All of the entries below should be copied exactly as they appear.

SOURCE INFORMATION:

* * * * * * *

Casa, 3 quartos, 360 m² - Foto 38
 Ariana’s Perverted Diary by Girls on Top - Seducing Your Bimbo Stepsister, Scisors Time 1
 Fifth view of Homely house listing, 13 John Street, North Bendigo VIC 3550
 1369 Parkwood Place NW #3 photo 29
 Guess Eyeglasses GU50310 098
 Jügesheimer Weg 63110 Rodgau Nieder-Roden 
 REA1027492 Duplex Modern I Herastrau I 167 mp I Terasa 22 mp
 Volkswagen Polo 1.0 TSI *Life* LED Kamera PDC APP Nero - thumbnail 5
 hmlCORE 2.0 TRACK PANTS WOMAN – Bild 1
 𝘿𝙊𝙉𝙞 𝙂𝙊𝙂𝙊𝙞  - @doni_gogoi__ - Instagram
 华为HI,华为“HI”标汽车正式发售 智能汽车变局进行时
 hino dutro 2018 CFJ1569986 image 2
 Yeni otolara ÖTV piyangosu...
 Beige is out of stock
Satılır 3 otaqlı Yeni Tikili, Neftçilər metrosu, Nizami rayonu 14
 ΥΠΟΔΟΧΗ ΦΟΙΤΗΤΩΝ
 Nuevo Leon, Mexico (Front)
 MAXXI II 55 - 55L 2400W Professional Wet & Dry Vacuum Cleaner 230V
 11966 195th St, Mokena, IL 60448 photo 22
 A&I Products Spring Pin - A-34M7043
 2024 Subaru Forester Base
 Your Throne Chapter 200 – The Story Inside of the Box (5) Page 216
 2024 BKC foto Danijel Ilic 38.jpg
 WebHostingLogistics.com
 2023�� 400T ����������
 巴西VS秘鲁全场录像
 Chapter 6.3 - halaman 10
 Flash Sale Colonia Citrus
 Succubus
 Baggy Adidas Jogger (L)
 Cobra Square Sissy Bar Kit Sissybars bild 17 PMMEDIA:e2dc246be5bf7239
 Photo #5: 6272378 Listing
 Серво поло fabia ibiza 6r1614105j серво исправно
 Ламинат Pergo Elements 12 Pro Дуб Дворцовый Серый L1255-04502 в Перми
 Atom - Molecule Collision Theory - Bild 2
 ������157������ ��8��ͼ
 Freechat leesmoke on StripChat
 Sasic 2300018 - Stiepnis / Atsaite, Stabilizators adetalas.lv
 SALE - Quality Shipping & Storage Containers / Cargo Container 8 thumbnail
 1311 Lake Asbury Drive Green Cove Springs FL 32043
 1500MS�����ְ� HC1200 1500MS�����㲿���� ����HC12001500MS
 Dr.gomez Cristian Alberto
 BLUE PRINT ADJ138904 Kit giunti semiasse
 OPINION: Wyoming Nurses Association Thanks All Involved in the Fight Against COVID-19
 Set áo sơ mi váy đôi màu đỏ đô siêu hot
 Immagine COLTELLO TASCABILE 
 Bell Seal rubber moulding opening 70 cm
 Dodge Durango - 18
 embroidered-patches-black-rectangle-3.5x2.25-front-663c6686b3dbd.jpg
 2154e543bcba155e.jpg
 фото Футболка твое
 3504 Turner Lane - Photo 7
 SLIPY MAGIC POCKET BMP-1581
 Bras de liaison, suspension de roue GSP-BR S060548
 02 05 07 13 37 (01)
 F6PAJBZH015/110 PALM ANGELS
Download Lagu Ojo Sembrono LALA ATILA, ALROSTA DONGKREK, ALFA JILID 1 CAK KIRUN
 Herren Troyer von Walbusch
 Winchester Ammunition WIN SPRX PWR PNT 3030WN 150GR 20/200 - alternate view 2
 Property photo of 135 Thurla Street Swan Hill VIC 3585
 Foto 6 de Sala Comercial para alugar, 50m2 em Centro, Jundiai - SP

* * * * * * *

OUTPUT BELOW:
Casa, 3 quartos, 360 m² - Foto 38
 Ariana’s Perverted Diary by Girls on Top - Seducing Your Bimbo Stepsister, Scisors Time 1
 Fifth view of Homely house listing, 13 John Street, North Bendigo VIC 3550
 1369 Parkwood Place NW #3 photo 29
 Guess Eyeglasses GU50310 098
 Jügesheimer Weg 63110 Rodgau Nieder-Roden 
 REA1027492 Duplex Modern I Herastrau I 167 mp I Terasa 22 mp
 Volkswagen Polo 1.0 TSI *Life* LED Kamera PDC APP Nero - thumbnail 5
 hmlCORE 2.0 TRACK PANTS WOMAN – Bild 1
 𝘿𝙊𝙉𝙞 𝙂𝙊𝙂𝙊𝙞  - @doni_gogoi__ - Instagram
 华为HI,华为“HI”标汽车正式发售 智能汽车变局进行时
 hino dutro 2018 CFJ1569986 image 2
 Yeni otolara ÖTV piyangosu...
 Beige is out of stock
Satılır 3 otaqlı Yeni Tikili, Neftçilər metrosu, Nizami rayonu 14
 ΥΠΟΔΟΧΗ ΦΟΙΤΗΤΩΝ
 Nuevo Leon, Mexico (Front)
 MAXXI II 55 - 55L 2400W Professional Wet & Dry Vacuum Cleaner 230V
 11966 195th St, Mokena, IL 60448 photo 22
 A&I Products Spring Pin - A-34M7043
 2024 Subaru Forester Base
 Your Throne Chapter 200 – The Story Inside of the Box (5) Page 216
 2024 BKC foto Danijel Ilic 38.jpg
 WebHostingLogistics.com
 2023�� 400T ����������
 巴西VS秘鲁全场录像
 Chapter 6.3 - halaman 10
 Flash Sale Colonia Citrus
 Succubus
 Baggy Adidas Jogger (L)
 Cobra Square Sissy Bar Kit Sissybars bild 17 PMMEDIA:e2dc246be5bf7239
 Photo #5: 6272378 Listing
 Серво поло fabia ibiza 6r1614105j серво исправно
 Ламинат Pergo Elements 12 Pro Дуб Дворцовый Серый L1255-04502 в Перми
 Atom - Molecule Collision Theory - Bild 2
 ������157������ ��8��ͼ
 Freechat leesmoke on StripChat
 Sasic 2300018 - Stiepnis / Atsaite, Stabilizators adetalas.lv
 SALE - Quality Shipping & Storage Containers / Cargo Container 8 thumbnail
 1311 Lake Asbury Drive Green Cove Springs FL 32043
 1500MS�����ְ� HC1200 1500MS�����㲿���� ����HC12001500MS
 Dr.gomez Cristian Alberto
 BLUE PRINT ADJ138904 Kit giunti semiasse
 OPINION: Wyoming Nurses Association Thanks All Involved in the Fight Against COVID-19
 Set áo sơ mi váy đôi màu đỏ đô siêu hot
 Immagine COLTELLO TASCABILE 
 Bell Seal rubber moulding opening 70 cm
 Dodge Durango - 18
 embroidered-patches-black-rectangle-3.5x2.25-front-663c6686b3dbd.jpg
 2154e543bcba155e.jpg
 фото Футболка твое
 3504 Turner Lane - Photo 7
 SLIPY MAGIC POCKET BMP-1581
 Bras de liaison, suspension de roue GSP-BR S060548
 02 05 07 13 37 (01)
 F6PAJBZH015/110 PALM ANGELS
Download Lagu Ojo Sembrono LALA ATILA, ALROSTA DONGKREK, ALFA JILID 1 CAK KIRUN
 Herren Troyer von Walbusch
 Winchester Ammunition WIN SPRX PWR PNT 3030WN 150GR 20/200 - alternate view 2
 Property photo of 135 Thurla Street Swan Hill VIC 3585
 Foto 6 de Sala Comercial para alugar, 50m2 em Centro, Jundiai - SP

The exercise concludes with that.